━━━ Given records

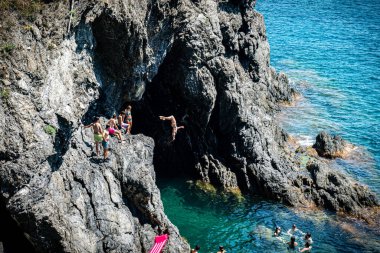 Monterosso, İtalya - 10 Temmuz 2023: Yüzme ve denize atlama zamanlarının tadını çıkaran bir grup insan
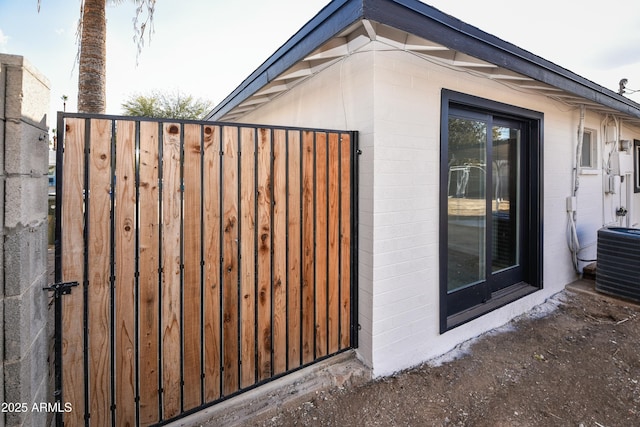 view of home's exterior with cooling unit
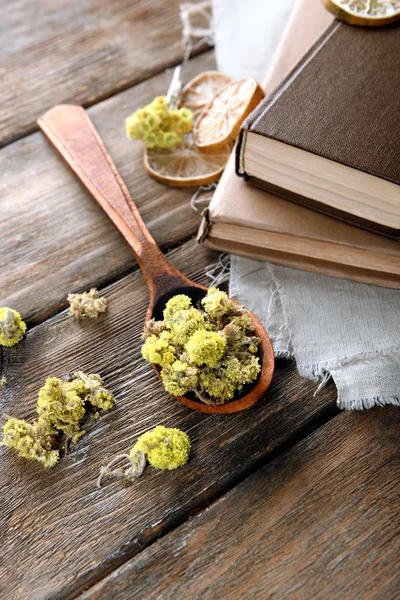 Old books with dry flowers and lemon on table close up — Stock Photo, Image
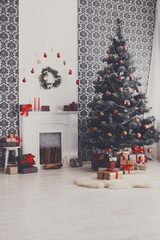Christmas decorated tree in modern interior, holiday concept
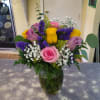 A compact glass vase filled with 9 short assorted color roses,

━━━━━━
━━━ Given records

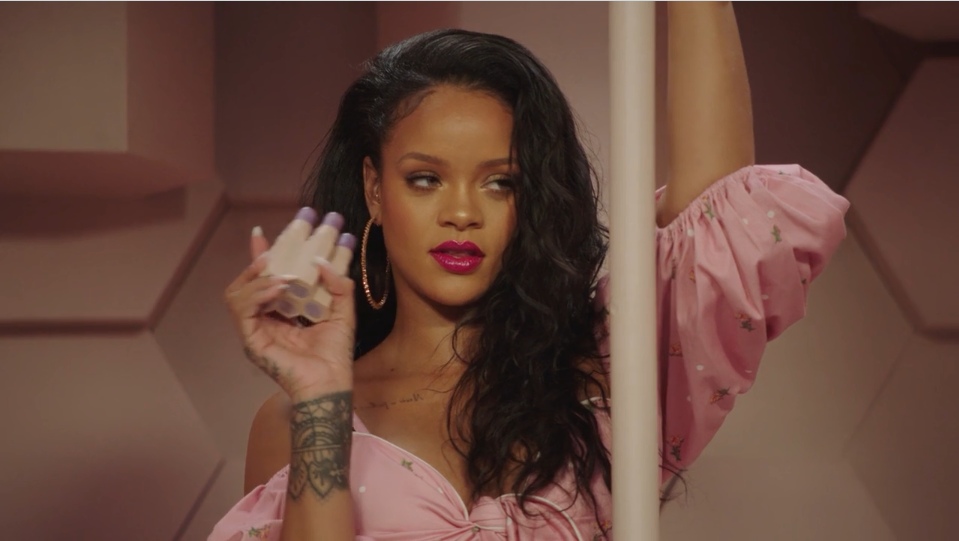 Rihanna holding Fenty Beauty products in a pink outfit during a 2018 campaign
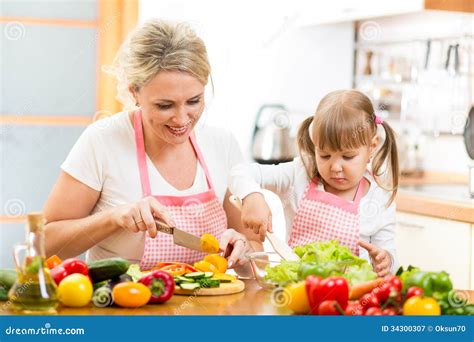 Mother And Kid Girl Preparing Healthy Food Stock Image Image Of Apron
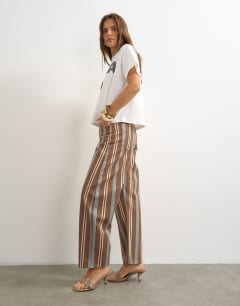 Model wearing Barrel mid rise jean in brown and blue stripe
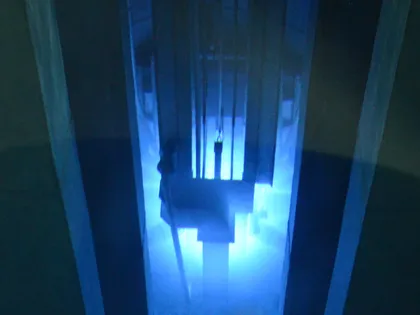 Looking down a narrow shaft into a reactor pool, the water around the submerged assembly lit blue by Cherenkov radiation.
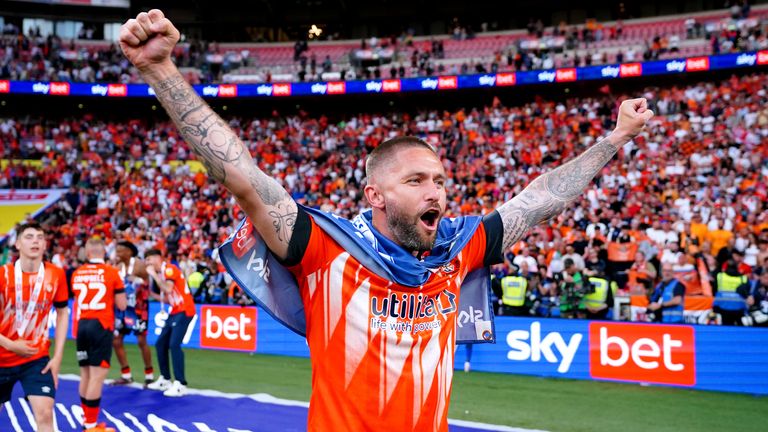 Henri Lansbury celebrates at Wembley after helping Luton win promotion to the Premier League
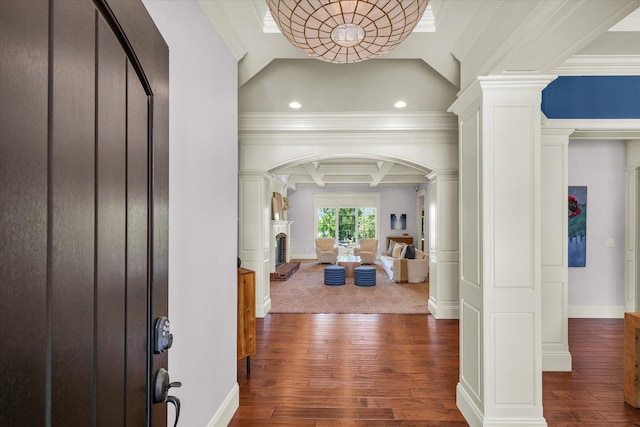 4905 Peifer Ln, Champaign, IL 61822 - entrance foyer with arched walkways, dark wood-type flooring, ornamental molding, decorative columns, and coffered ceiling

━━━━━━
━━━ Given records

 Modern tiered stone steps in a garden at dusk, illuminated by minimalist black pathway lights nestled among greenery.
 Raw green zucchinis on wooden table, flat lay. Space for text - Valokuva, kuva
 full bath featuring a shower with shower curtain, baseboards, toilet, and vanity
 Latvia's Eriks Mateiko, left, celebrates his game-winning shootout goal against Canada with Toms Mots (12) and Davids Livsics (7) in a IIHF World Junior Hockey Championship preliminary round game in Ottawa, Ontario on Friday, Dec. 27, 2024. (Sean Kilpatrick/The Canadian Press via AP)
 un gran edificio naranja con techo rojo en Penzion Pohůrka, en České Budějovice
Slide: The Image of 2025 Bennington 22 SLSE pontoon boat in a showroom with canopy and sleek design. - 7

━━━━━━

## Activity:
All that belongs in the answer is the run of lines above from the line containing "un gran edificio" through the line containing "Slide: The Image", exactly as written.

## Expected answer:
 un gran edificio naranja con techo rojo en Penzion Pohůrka, en České Budějovice
Slide: The Image of 2025 Bennington 22 SLSE pontoon boat in a showroom with canopy and sleek design. - 7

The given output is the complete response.